In 2006, McDaniel pleaded guilty to seven counts of making false statements in connection with gun purchases and seven counts of possessing a firearm while being a convicted felon. He was assigned an enhanced base offense level of 20, pursuant to U.S.S.G. § 2K2.1(a)(4)(A), because he had unlawfully possessed firearms subsequent to sustaining a felony conviction for a crime of violence, namely, driving under the influence (“DUI”). McDaniel initially objected to his DUI offense being classified as a crime of violence. However, he voluntarily withdrew this objection as part of an agreement with the government. The district court sentenced him to 57 months in prison and three years of supervised release on each count, all terms to be served concurrently. McDaniel filed a notice of appeal, but then successfully moved to dismiss the appeal with prejudice.
In 2008, McDaniel timely filed a § 2255 motion alleging that a DUI conviction could no longer be considered a crime of violence in light of the Supreme Court’s decision in Begay v. United States, 553 U.S. 137, 128 S.Ct. 1581, 170 L.Ed.2d 490 *107 (2008), and, thus, the increase in his base offense level was illegal.

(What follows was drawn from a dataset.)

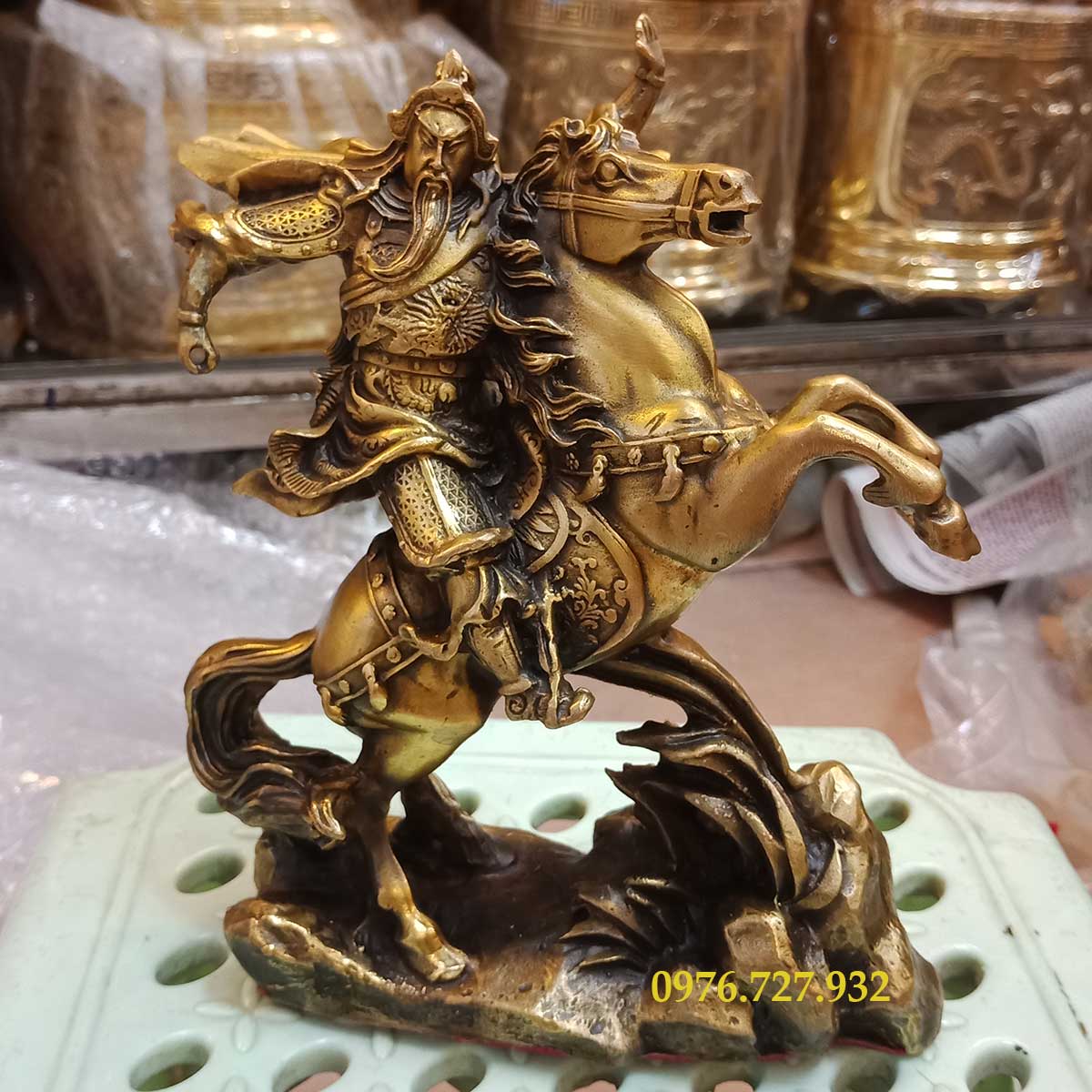 Tượng quan công cưỡi ngựa cao 19cm, tượng quan công bằng đồng, tượng quan công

He sought retroactive application of Begay, a 6-level reduction in his base offense level, and a corresponding 27-month reduction in his sentence. The government responded that McDaniel’s claim was not cognizable under § 2255 because the alleged error was not constitutional and did not result in a fundamental miscarriage of justice. The government also argued that the claim was proeedurally defaulted because McDaniel failed to raise it on direct appeal.

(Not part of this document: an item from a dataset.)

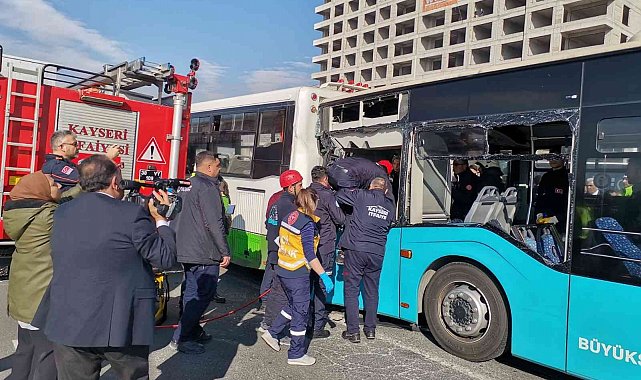 Kayseri'de 2 halk otobüsü çarpıştı: Çok sayıda yaralı var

The magistrate judge, relying on an unpublished decision by a panel of this Court, found that McDaniel’s claim was not cognizable under § 2255 because it was non-constitutional and could have been, but was not, raised on direct appeal. The district court ultimately adopted the magistrate’s report and denied the § 2255 motion. We granted a certificate of appeala-bility (“COA”) on the issue of whether the district court erred in finding that McDaniel’s claim was not cognizable under § 2255. 1
II.
In a § 2255 proceeding, we review questions of law de novo and the district court’s findings of fact for clear error. Lynn v. United States, 365 F.3d 1225, 1232 (11th Cir. 2004). Although we granted the COA on the threshold issue of whether McDaniel’s claim was cognizable under § 2255, we decline to reach this issue and instead hold that his claim was barred under the doctrine of procedural default. See McKay v. United States, 657 F.3d 1190, 1195 (11th Cir. 2011) (declining to address the issue of cognizability, framed as the threshold issue in the COA, and instead denying the mov-ant’s § 2255 claim on grounds of procedural default); see also Lynn, 365 F.3d at 1233 (“In many cases in the past, this Court has opted to address the issues of procedural default ... without expressly addressing the threshold inquiry of whether the claimed error is even cognizable in a § 2255 proceeding.”).

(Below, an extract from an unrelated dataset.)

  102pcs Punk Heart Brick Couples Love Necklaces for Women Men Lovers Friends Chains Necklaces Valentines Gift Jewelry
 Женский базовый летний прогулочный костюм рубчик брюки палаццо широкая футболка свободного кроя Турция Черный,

Under the rule of procedural default, “a defendant generally must advance an available challenge to a criminal conviction or sentence on direct appeal or else the defendant is barred from presenting that claim in a § 2255 proceeding.” Lynn, 365 F.3d at 1234. A defendant may avoid a procedural bar by establishing one of the two exceptions to the procedural default rule. Id. Under the first exception, “a defendant must show cause for not raising the claim of error on direct appeal and actual prejudice from the alleged error.” Id. If a defendant fails to establish cause and prejudice, he may still be entitled to relief if he can show that he is “actually innocent.” Id. at 1234-35.
In this case, McDaniel has procedurally defaulted on his claim because he failed to raise it on direct appeal. See id. at 1234. In fact, he affirmatively withdrew his objection to his DUI offense being considered a crime of violence. Thus, McDaniel is not eligible for § 2255 relief *108 unless he shows (1) cause and prejudice, or (2) actual innocence. See id.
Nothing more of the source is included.